#### INFORMATION PROVIDED

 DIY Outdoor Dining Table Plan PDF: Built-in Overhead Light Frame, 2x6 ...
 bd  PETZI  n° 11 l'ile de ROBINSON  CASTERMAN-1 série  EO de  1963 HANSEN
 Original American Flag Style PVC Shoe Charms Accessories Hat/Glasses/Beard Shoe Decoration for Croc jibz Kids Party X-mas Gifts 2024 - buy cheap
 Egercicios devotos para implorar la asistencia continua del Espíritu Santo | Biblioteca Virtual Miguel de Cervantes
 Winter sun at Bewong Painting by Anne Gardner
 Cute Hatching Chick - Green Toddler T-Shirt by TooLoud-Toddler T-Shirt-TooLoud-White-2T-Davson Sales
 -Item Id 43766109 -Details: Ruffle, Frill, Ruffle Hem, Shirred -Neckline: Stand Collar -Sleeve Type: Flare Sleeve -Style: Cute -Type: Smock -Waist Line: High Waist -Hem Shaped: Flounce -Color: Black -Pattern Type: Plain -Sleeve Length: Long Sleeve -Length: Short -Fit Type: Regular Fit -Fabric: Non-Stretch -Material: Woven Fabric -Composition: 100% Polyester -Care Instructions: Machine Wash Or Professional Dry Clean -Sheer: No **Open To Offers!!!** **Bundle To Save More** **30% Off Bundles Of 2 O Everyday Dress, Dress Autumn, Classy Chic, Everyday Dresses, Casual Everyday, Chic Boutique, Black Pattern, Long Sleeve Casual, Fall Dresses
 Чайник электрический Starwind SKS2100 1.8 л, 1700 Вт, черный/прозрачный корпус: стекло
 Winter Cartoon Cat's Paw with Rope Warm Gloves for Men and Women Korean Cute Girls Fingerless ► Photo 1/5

########
#### INFORMATION PROVIDED

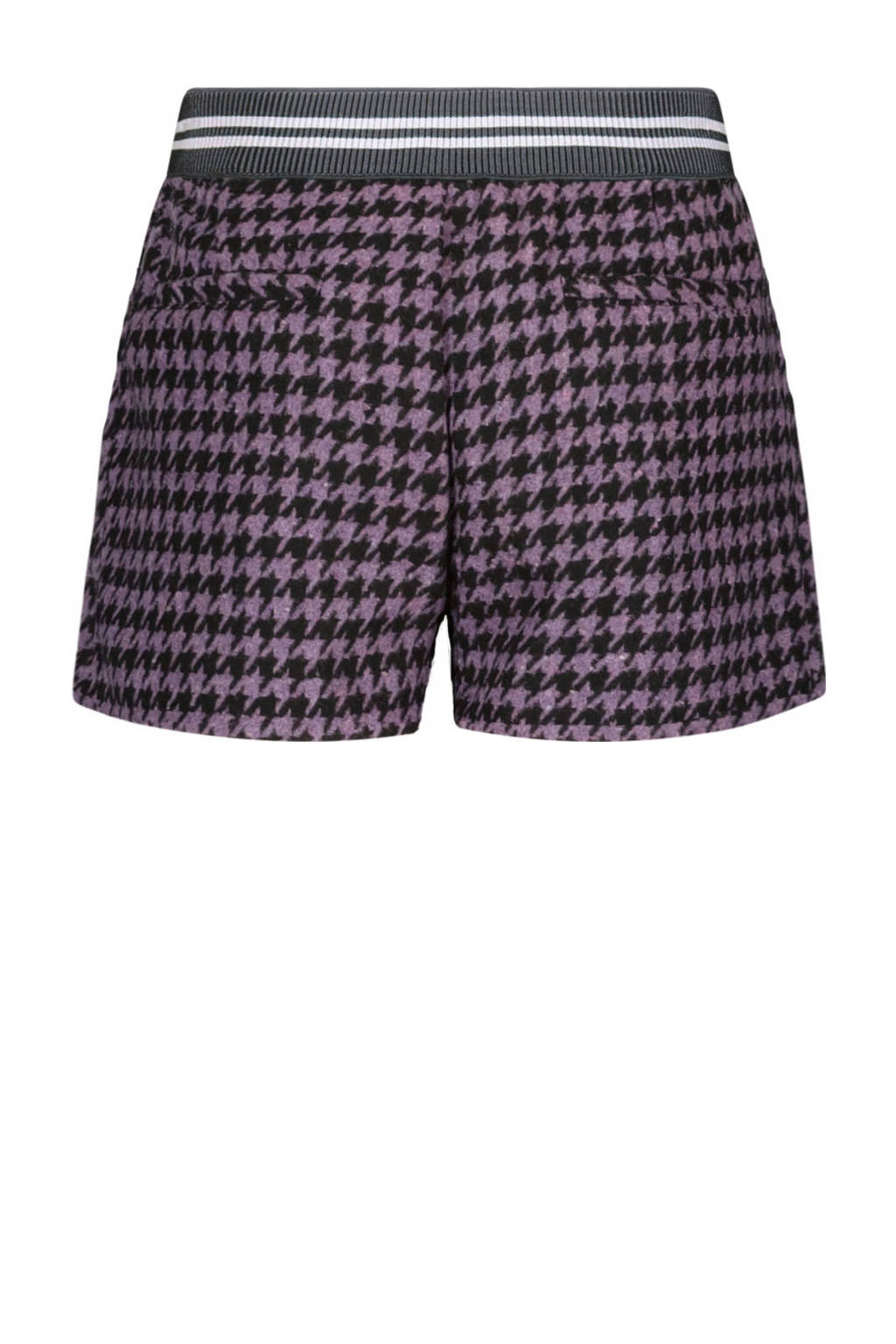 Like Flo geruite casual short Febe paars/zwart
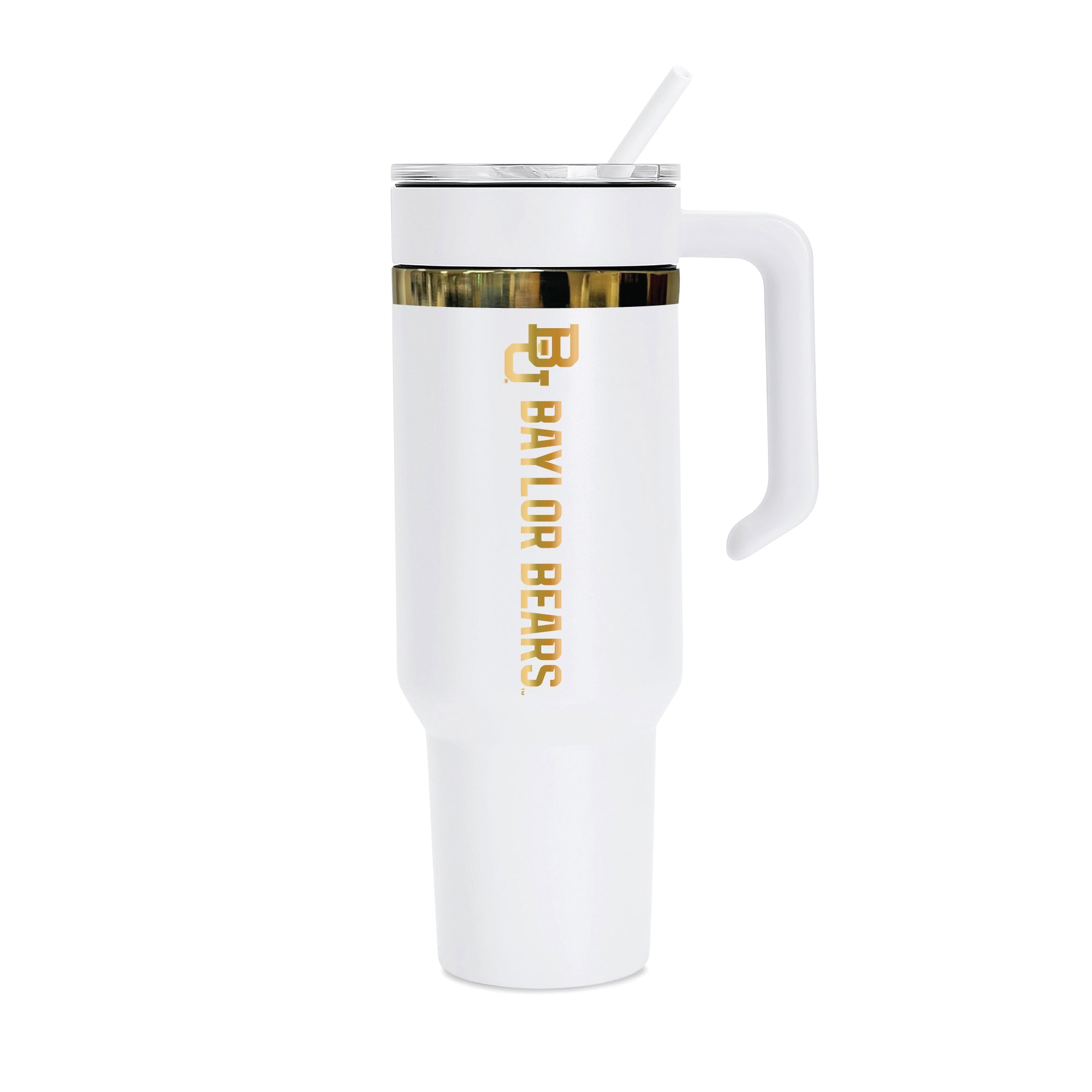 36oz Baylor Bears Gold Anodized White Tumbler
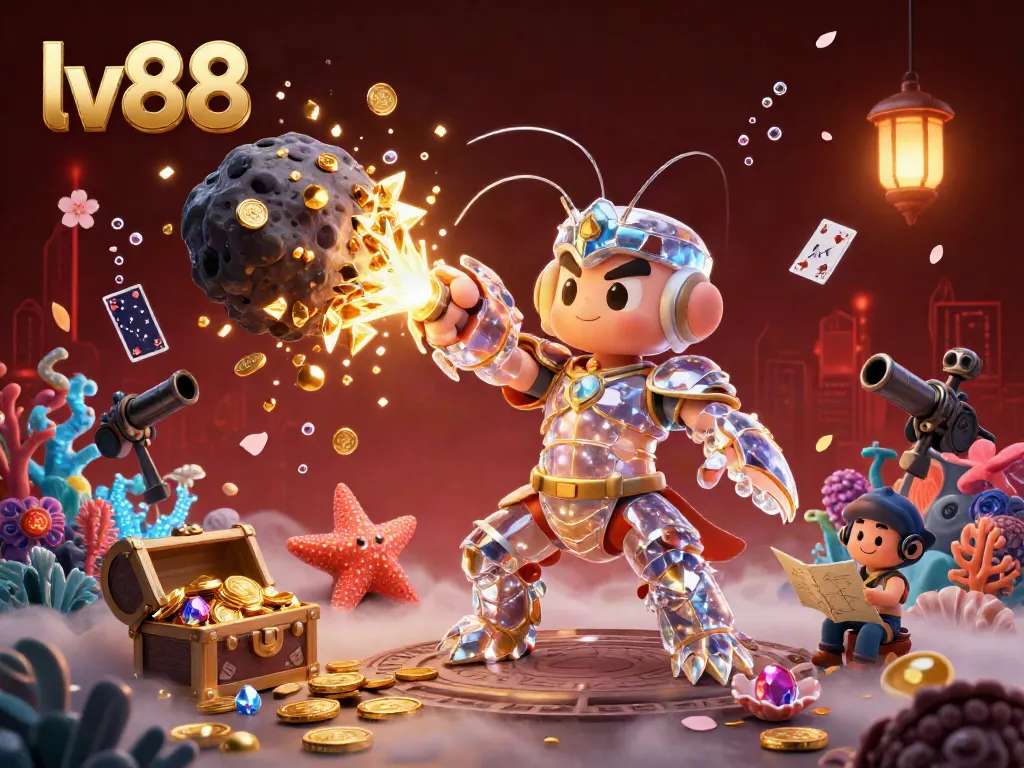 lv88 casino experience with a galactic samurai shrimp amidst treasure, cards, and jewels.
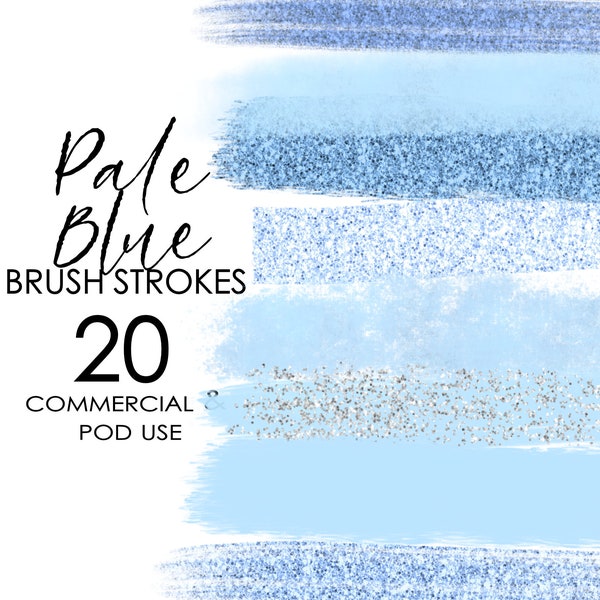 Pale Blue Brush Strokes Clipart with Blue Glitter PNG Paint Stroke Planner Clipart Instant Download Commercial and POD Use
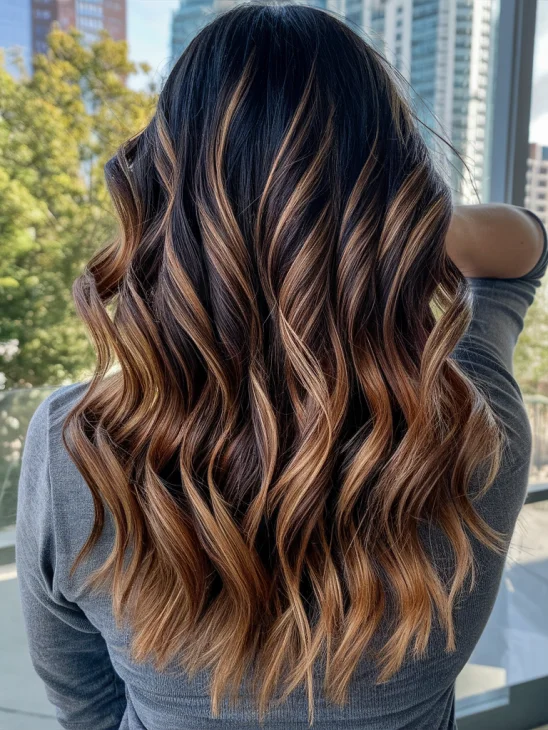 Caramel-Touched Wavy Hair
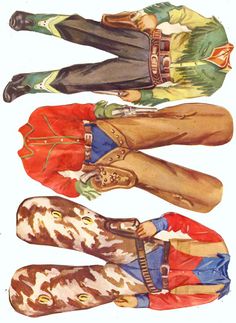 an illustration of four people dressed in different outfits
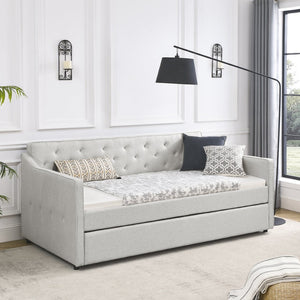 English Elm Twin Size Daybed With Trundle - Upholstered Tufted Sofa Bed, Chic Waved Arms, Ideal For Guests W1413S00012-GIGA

########

> ASSIGNMENT
Which lines above contain the word "Winter"? List them.

> PROBLEM SOLUTION
 Winter sun at Bewong Painting by Anne Gardner
 Winter Cartoon Cat's Paw with Rope Warm Gloves for Men and Women Korean Cute Girls Fingerless ► Photo 1/5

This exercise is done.